Getting Data In

HTTP Event Collector returns Bad Request - what is wrong with my event?

Contributor

While posting a request to Splunk via HEC, I get the response as {"text":"No data","code":5} and when I enable version on the curl http request, I get a 400 Bad Request , what is wrong with my event?

curl -k -v https://my-domain:8088/services/collector/event -H "Authorization: Splunk E671602E-0E02-40ED-AADB-FE674F338CF6" -d '{"host”:”some host”,”index":"testing","sourcetype”:”email”,”time":"2016/11/11 22:26:50","source”:”project_eagle”,”event":"{\"subscribed_source\":\"WEB\",\"subscribed_flag\":\"Y\",\"email_type\":\"CUSTOMER\",\"last_name\”:\”Raj\”,\”email_subtype\":\"SUBSCRIBER\",\"email_address\":null,\"product_id\”:\”100\”,\”templateVersion\":null,\"first_name\":\"MARGUERITE\",\"last_sub_change_datetime\":\"2016/11/11 22:26:50\"}"}'

Path Finder

This error 5 means "no data". Therefore 400 is returned.

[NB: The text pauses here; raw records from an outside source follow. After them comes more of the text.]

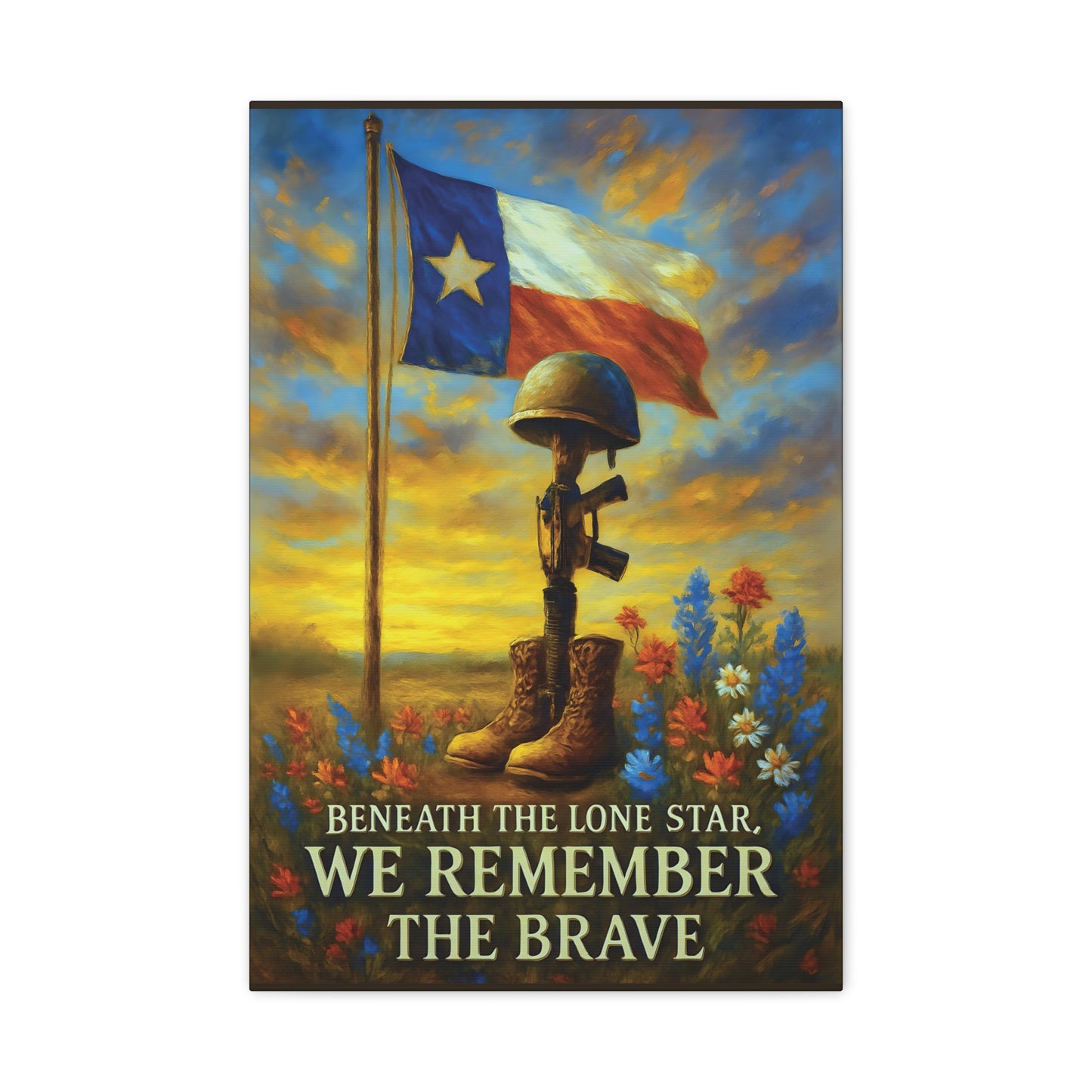 Beneath the Lone Star – Texas Patriotic Canvas Wall Art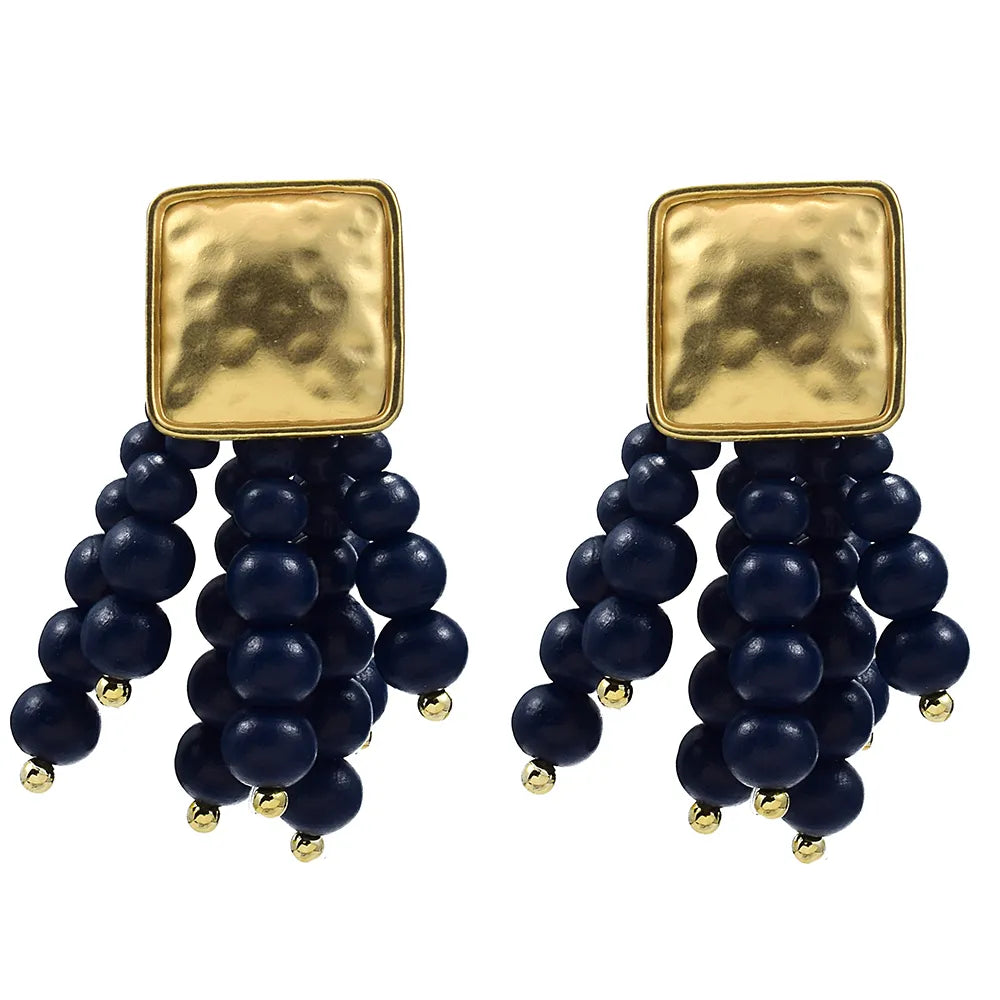 Pearl-Shaped Wooden Chain Drop Earrings | Unique Handmade Jewellery-BLUE-Nora Luxe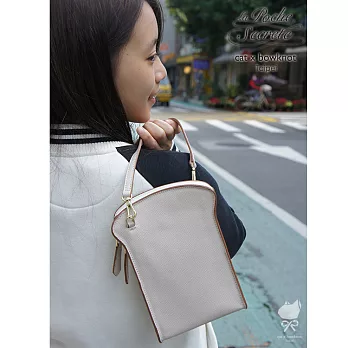 【La Poche Secrete 】 catXbow-knot}元氣滿分吐司包_手提肩揹兩用包_焦糖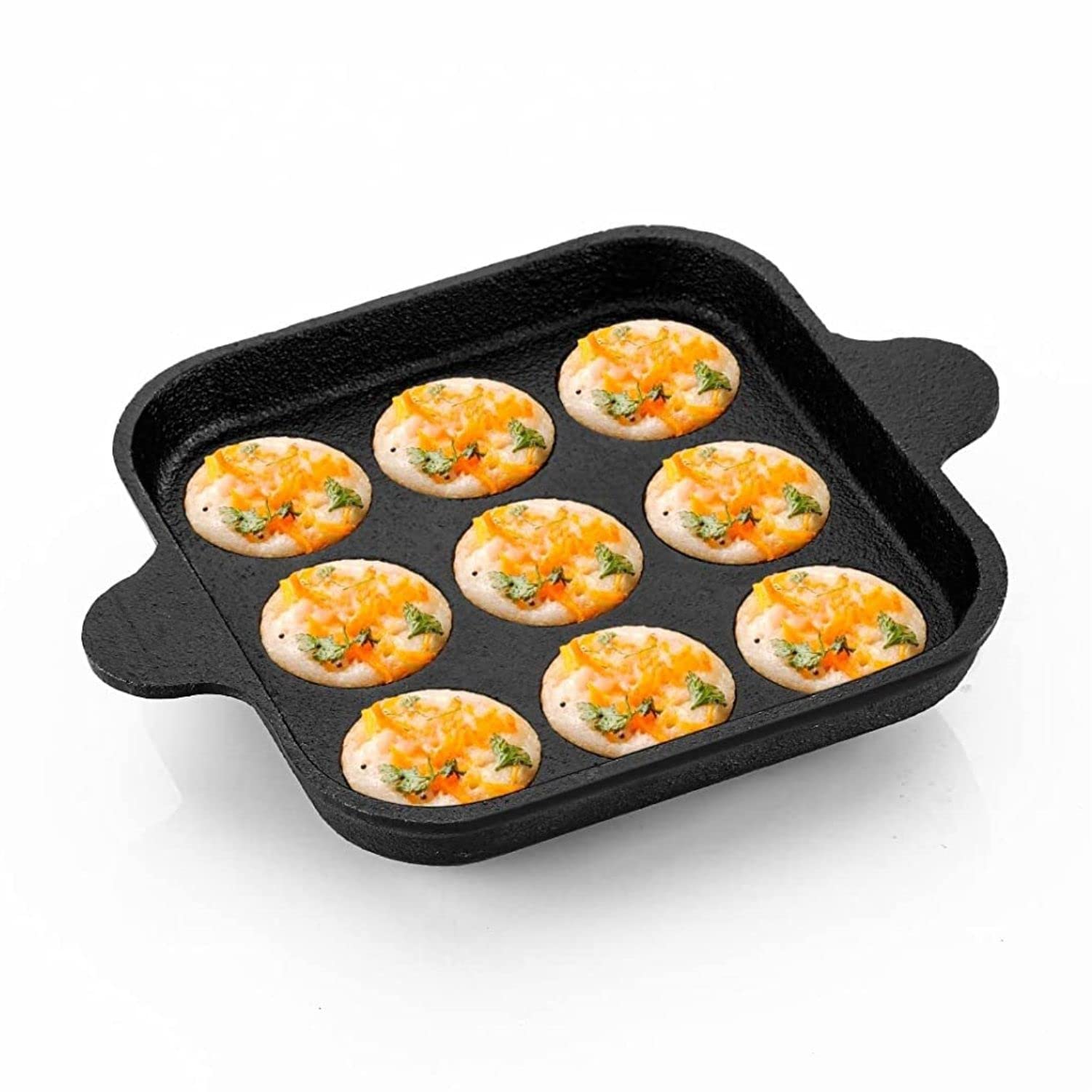Padella Paniyarakkal Antiaderente 12 Cavità Con Coperchio In Acciaio Inox - Per Appam, Paniyaram, Paddu E Poffertjes (Nero) - 4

Payload has been rejected.

Watch out for invalid quotes. Test your json with an online syntax checker.

eg. Mix of quote types ("”). That is, regular " open quote but irregular 99 closure quote.
eg. Extra quotes. The third " below appears problematic.

"event":
"{
    "subscribed_source":"WEB",

@jkat54 asked for the payload with CORRECTED quotes:

{
"host":"some host",
"index": "testing",
"sourcetype":"email",
"time": "2016/11/11 22:26:50",
"source":"projecteagle",
"event":
{
"subscribed
source":"WEB",
"subscribedflag":"Y",
"email
type":"CUSTOMER",
"lastname":"Raj",
"email
subtype":"SUBSCRIBER",
"emailaddress":null,
"product
id":"100",
"templateVersion":null,
"firstname":"MARGUERITE",
"last
subchangedatetime":"2016/11/11 22:26:50"
}
}

0 Karma

Explorer

My problem was I had enabled SSL.

0 Karma

Contributor

I figured the issue seems to be with date/time format used in "time" field.

As per - http://dev.splunk.com/view/event-collector/SP-CAAAE6P default time format is long millisecond from epoch. Removing the component, helped me send the events to splunk.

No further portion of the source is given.